**** RECORDS FOR PROCESSING

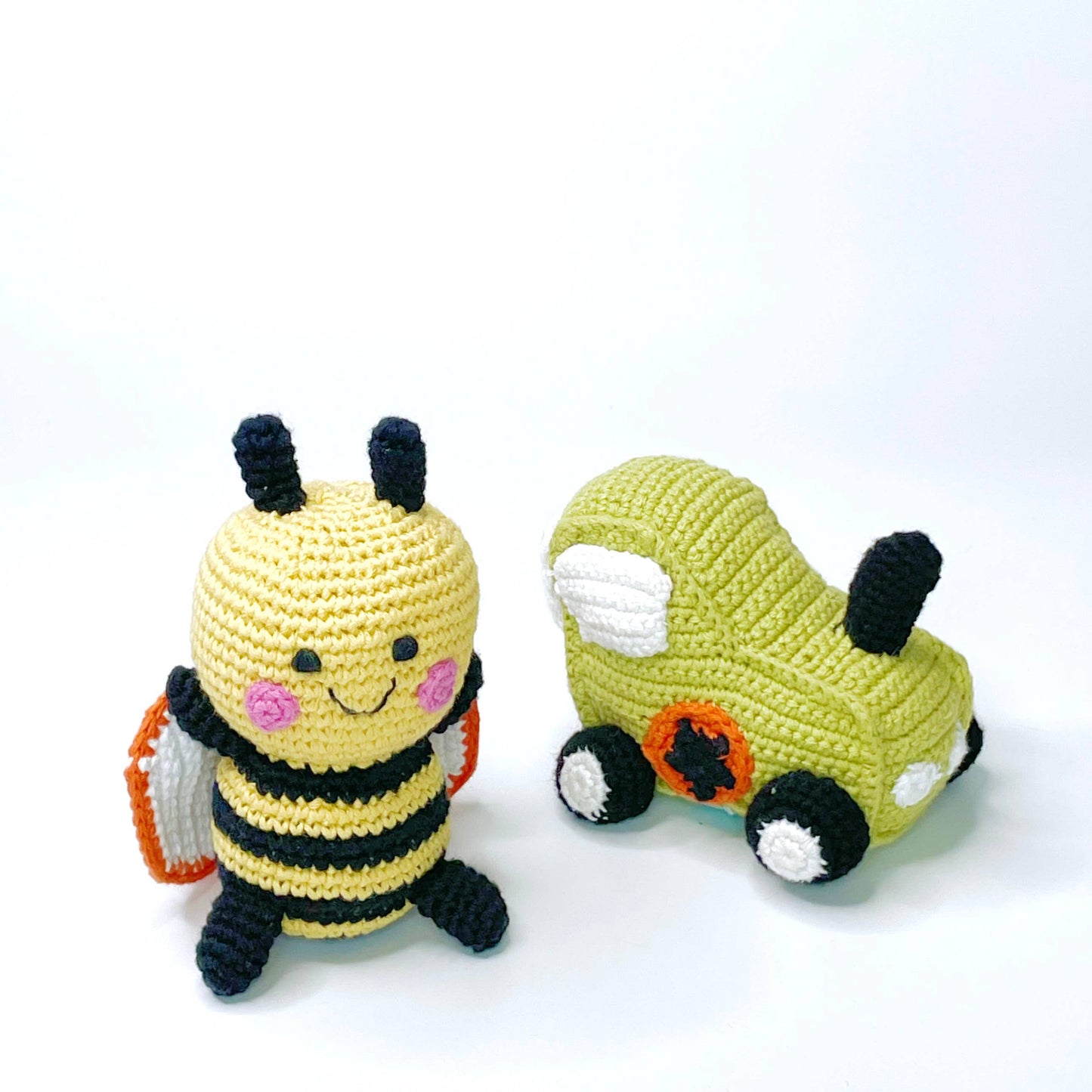 Bumblebee Baby Rattle | Organic Cotton Sensory Toy for Infants
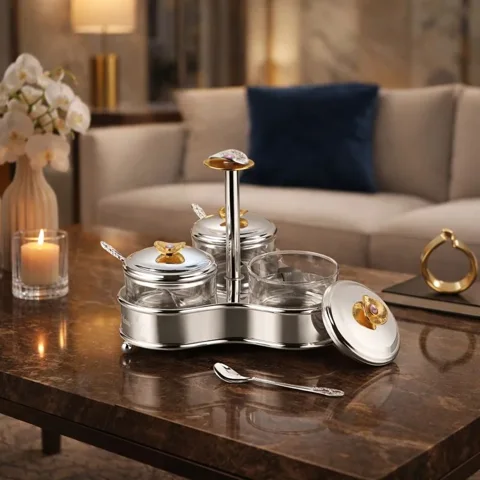 Regal Treasure Trio Glass Bowls with Lids & Spoons Dual Tone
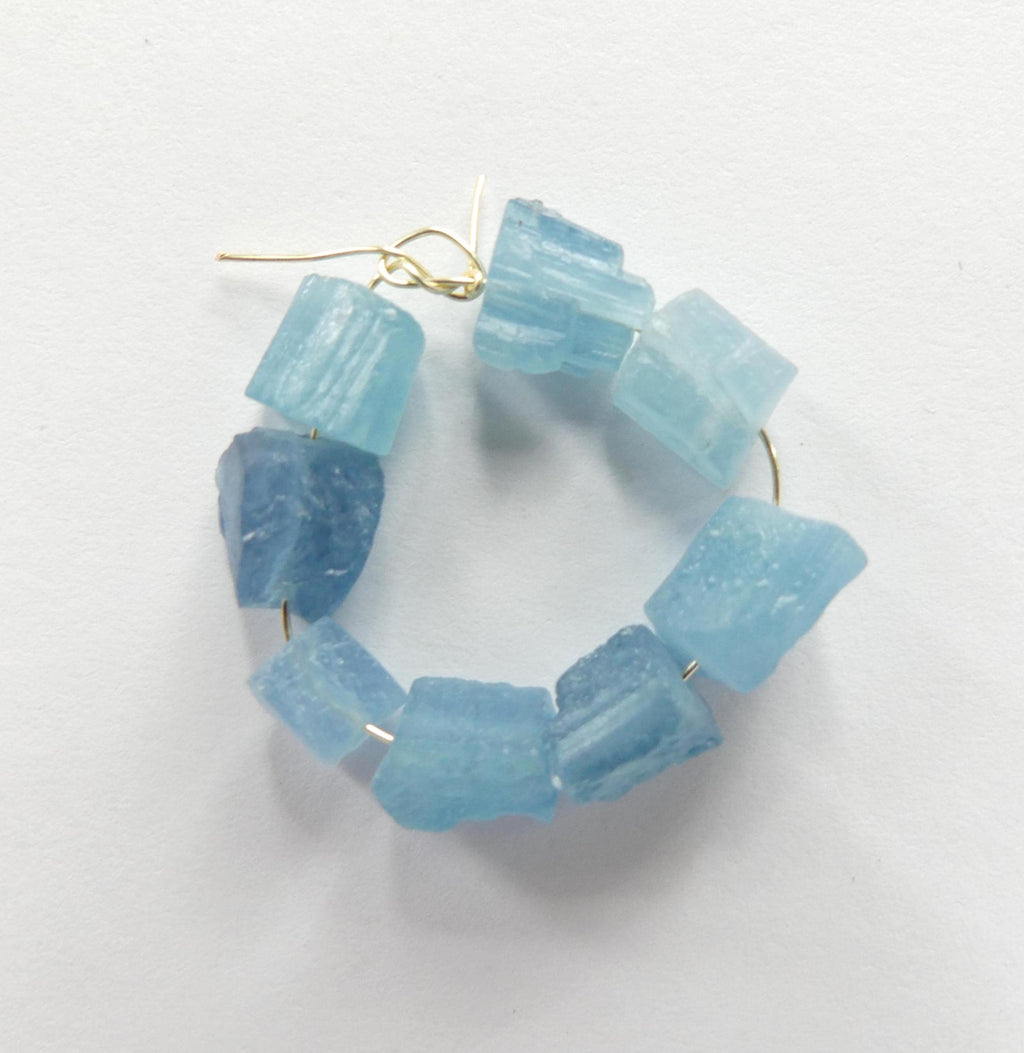 4mm-7mm AAA Santa Maria Aquamarine Raw Nugget Beads 8 Pieces Freeform Chunks Rough Gemstone Beads Jewelry Making Beading Craft Gift Beads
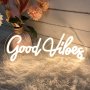 Неонова LED табела "Good Vibes" за декорация с USB порт 40х18 см, снимка 6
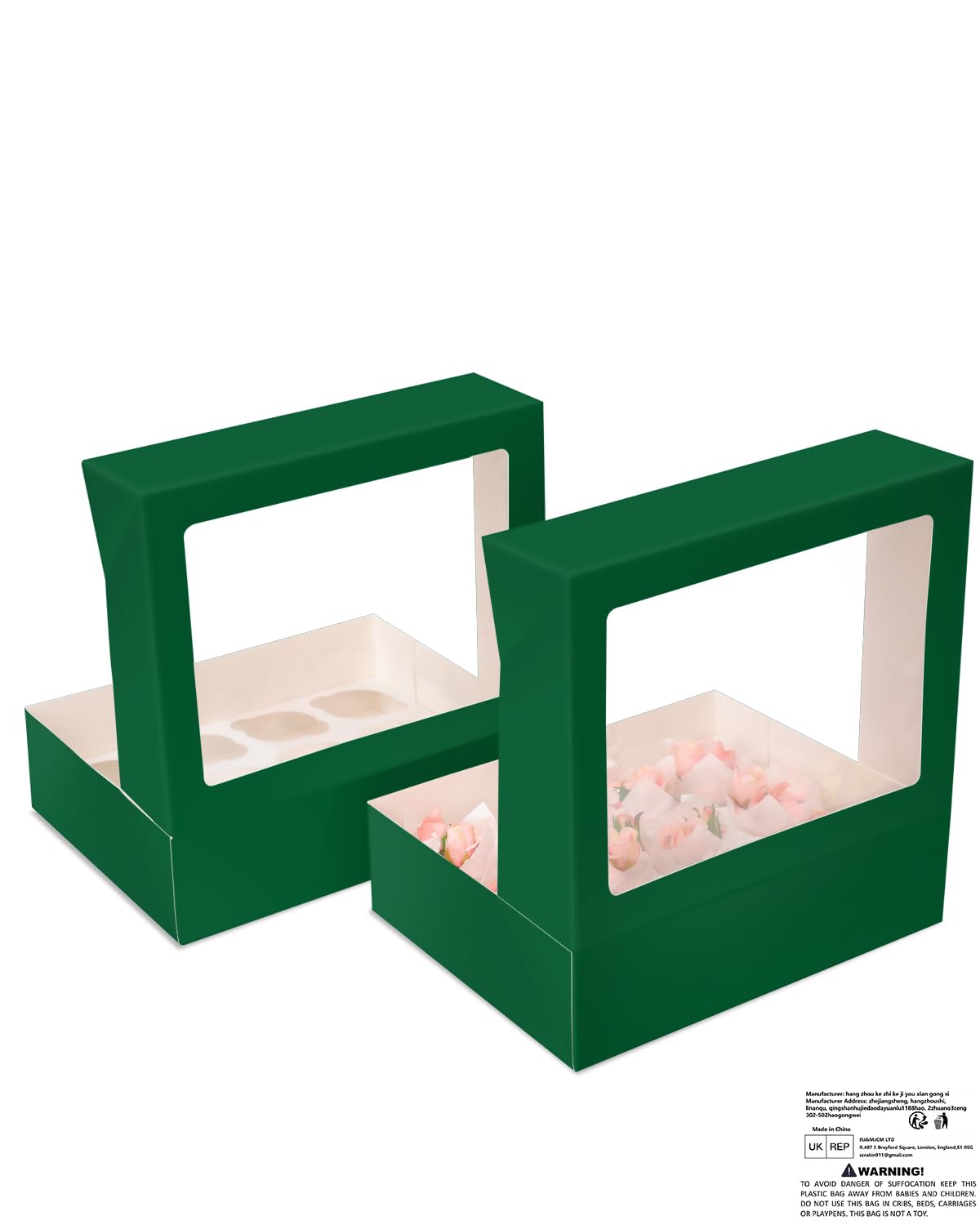 Gcardist Auto-pop Up 12 Cupcake Boxes with Window Deep Green 6 Packs Cupcake Box 33x25.4x9cm Bakery Boxes for Cupcakes Carrier Cupcake Containers - Image 4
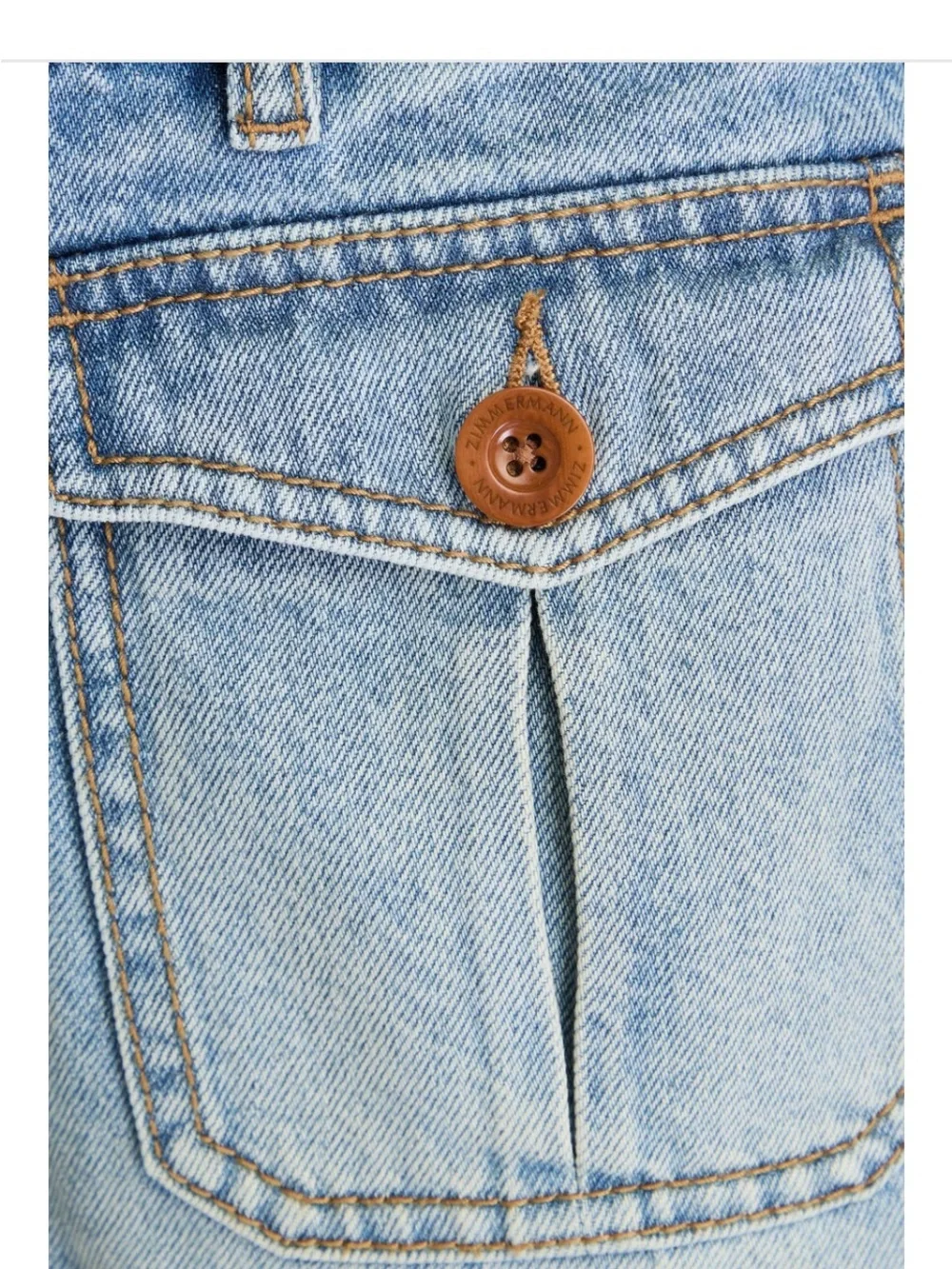Zimmermann Light Wash High-Rise Denim Short with Front Flap Pockets - Picture 2 of 6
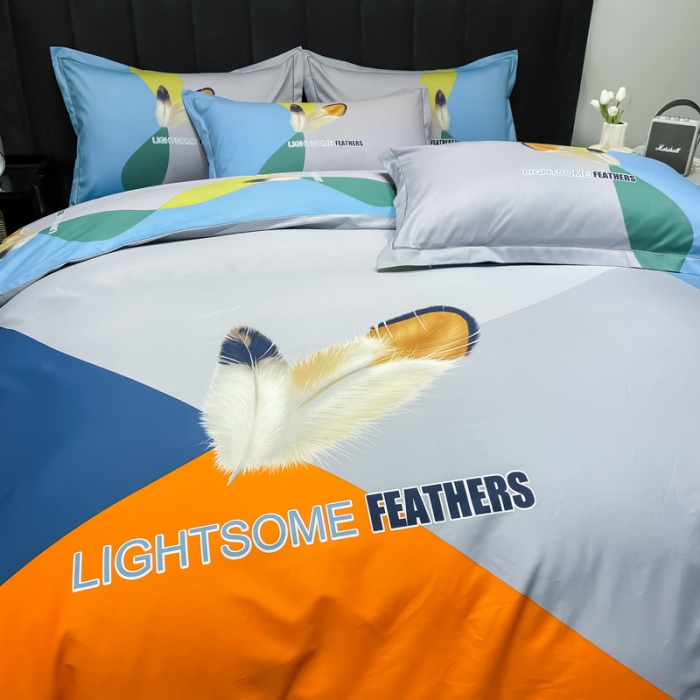 91家纺网 家纺一手货源 找家纺 金爱家 2023新款大版13372全棉花卉系列四件套色彩羽毛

********

▸ EXERCISE INSTRUCTIONS: For this exercise, copy each line of the data above exactly, from the first through the line containing "4mm-7mm AAA Santa", and drop the pictures.

▸ YOUR SOLUTION:
 Bumblebee Baby Rattle | Organic Cotton Sensory Toy for Infants
 Regal Treasure Trio Glass Bowls with Lids & Spoons Dual Tone
 4mm-7mm AAA Santa Maria Aquamarine Raw Nugget Beads 8 Pieces Freeform Chunks Rough Gemstone Beads Jewelry Making Beading Craft Gift Beads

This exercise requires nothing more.